Lectionary 184 is a Greek New Testament manuscript written on parchment. It is designated by the siglum ℓ 184 in the Gregory-Aland numbering of New Testament manuscripts. Textual critics Westcott and Hort referred to it by the siglum 39^{e}, textual critic Scrivener by 259^{e}. It is dated by a colophon (this being a brief statement about the place/date/person who copied it) to the year 1319. It is currently housed at the British Library (Burney MS 22) in London.

== Description ==
The manuscript is a codex (the forerunner to the modern book), written in Greek minuscule letters, on 248 parchment leaves. It is written in two columns per page, with 27-28 lines per page. Scrivener described it as being written in a large, clear hand, however due to the copyist's carelessness, half of many words are omitted, is replete with itacisms (spelling mistakes for common sounding letters), employs the incorrect usage of nu-moveable (this being the use of the Greek letter nu (ν) at the end of verbs before a consonant or vowel) causing hiatus, and several words and phrases are omitted due to homoeoteleuton (this being words and/or phrases which end with the same letters or same word). The codex uses gold ink for illuminations and section titles, with red ink used for liturgical directions, stops, and pauses. Though it contains breathings and accents in full (markings utilised to indicate changes of pitch or emphasis), most are inaccurate. There are some traces of a second scribe making corrections.

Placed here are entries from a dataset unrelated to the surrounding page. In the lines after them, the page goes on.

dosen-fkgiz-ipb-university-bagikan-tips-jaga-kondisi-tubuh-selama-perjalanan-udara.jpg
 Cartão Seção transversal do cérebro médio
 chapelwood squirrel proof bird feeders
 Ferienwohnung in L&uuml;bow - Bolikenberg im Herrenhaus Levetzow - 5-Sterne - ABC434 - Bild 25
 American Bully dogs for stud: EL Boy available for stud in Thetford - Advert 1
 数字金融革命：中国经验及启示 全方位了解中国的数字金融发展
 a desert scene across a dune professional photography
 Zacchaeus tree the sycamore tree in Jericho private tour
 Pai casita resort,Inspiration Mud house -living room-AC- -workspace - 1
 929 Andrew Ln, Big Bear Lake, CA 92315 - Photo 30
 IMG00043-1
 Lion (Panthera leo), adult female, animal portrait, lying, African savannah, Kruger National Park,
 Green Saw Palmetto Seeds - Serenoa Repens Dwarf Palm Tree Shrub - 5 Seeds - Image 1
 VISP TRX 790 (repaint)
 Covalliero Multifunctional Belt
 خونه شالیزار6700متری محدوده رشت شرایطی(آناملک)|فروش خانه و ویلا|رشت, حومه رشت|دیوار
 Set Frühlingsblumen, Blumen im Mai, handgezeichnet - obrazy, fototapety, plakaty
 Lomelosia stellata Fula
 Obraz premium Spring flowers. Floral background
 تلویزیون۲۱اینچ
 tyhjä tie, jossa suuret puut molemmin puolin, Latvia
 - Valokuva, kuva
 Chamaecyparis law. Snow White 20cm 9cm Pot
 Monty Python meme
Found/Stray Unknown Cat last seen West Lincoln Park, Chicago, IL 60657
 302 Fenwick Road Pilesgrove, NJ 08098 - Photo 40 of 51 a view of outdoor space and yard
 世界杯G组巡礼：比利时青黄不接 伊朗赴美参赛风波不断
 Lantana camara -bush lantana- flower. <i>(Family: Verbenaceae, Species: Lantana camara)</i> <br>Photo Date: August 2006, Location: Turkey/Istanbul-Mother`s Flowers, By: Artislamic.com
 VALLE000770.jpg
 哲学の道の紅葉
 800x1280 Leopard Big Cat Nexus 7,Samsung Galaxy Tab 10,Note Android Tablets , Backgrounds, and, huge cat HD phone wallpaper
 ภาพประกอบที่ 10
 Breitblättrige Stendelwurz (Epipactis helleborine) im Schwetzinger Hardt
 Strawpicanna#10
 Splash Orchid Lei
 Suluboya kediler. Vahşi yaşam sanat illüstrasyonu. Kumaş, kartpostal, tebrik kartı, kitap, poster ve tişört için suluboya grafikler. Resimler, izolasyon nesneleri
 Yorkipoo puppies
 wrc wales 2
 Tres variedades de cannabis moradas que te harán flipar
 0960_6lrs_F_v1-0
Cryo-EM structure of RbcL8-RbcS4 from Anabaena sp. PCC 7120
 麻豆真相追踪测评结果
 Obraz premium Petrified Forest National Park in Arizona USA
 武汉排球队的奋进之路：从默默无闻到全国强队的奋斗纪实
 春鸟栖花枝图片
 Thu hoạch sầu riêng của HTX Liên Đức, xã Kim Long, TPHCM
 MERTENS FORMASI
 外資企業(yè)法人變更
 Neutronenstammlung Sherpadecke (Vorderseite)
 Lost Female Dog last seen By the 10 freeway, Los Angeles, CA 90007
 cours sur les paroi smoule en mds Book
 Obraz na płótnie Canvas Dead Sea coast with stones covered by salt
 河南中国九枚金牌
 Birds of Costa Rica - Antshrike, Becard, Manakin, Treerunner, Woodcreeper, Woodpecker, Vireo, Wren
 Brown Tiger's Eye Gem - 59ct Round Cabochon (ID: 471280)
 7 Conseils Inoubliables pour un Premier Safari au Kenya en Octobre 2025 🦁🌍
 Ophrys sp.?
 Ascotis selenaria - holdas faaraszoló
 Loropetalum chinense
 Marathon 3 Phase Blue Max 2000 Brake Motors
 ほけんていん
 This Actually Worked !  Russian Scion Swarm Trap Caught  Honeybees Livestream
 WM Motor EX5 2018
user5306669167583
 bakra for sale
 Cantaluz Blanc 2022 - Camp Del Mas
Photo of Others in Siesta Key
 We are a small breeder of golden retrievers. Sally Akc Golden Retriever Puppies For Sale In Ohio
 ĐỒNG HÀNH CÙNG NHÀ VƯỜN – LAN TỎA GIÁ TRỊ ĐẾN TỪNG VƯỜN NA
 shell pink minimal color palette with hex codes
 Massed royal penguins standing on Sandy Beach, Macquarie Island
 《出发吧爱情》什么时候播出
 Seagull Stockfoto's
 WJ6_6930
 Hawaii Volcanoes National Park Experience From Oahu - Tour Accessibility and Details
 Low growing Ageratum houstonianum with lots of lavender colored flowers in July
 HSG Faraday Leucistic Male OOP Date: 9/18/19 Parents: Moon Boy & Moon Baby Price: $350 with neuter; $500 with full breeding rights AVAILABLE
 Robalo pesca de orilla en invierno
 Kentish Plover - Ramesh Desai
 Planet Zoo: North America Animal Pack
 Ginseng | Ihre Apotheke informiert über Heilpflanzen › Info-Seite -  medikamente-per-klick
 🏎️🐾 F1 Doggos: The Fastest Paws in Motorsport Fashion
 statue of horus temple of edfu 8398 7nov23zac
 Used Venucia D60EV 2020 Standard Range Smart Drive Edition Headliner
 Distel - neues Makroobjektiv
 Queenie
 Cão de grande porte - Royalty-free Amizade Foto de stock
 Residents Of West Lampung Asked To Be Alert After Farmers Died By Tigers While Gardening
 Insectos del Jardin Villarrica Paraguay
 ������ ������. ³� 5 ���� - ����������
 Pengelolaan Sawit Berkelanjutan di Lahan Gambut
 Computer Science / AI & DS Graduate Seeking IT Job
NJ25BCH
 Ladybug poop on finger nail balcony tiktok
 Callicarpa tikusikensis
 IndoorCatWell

The codex is considered an Evangelistarium, containing all the Church lessons from the Gospels throughout the year. It also includes the Church lessons for Holy Week (week prior to Easter Sunday) and saint's days.
Part of the first leaf (John 1:11-13) is on paper and was supplied by a later hand. According to theologian and textual-critic Caspar René Gregory, it has a "good text". When it was bound, several pages were misplaced by the binder, with which the order of pages 195-204 should be: 195-196; 203-204; 199-201; 197-198.

==Text==
Due to several departures from readings in the New Testament Textus Receptus (the most common edition of the Greek New Testament), the readings of the codex are cited often by textual critic Constantin von Tischendorf in his critical Greek New Testament, the biblical scholar and textual critic Alford in his Greek New Testament, and Kurt Aland in the Nestle-Aland critical edition of the Greek New Testament.

===Some notable readings===
Below are some readings of the manuscript which agree or disagree with variant readings in other Greek manuscripts, or with varying ancient translations of the New Testament. See the main article Textual variants in the New Testament.

ερημος (desert)
omit - ℓ 184 B L ff^{2} sy^{c} sa bo^{mss}
incl. - Majority of manuscripts

υἱὸς ὑμῶν (your son) - ℓ 184 1344 ℓ 1579
υἱὸς ἢ βοῦς (son or ox) - B W Δ 28 565 700

της θαλασσης της Τιβεριαδος (the sea of Tiberius) - ℓ 184 0210 1242 1344 2174
της θαλασσης της Γαλιλαιας της Τιβεριαδος (the sea of Galilee of Tiberius) - Majority of manuscripts

== History ==

The manuscript once belonged to classical scholar Charles Burney, along with the minuscule codices 480, 481, 482, 484, and 485. It was examined by Scrivener and Gregory. Scrivener collated its text along with 23 other manuscripts.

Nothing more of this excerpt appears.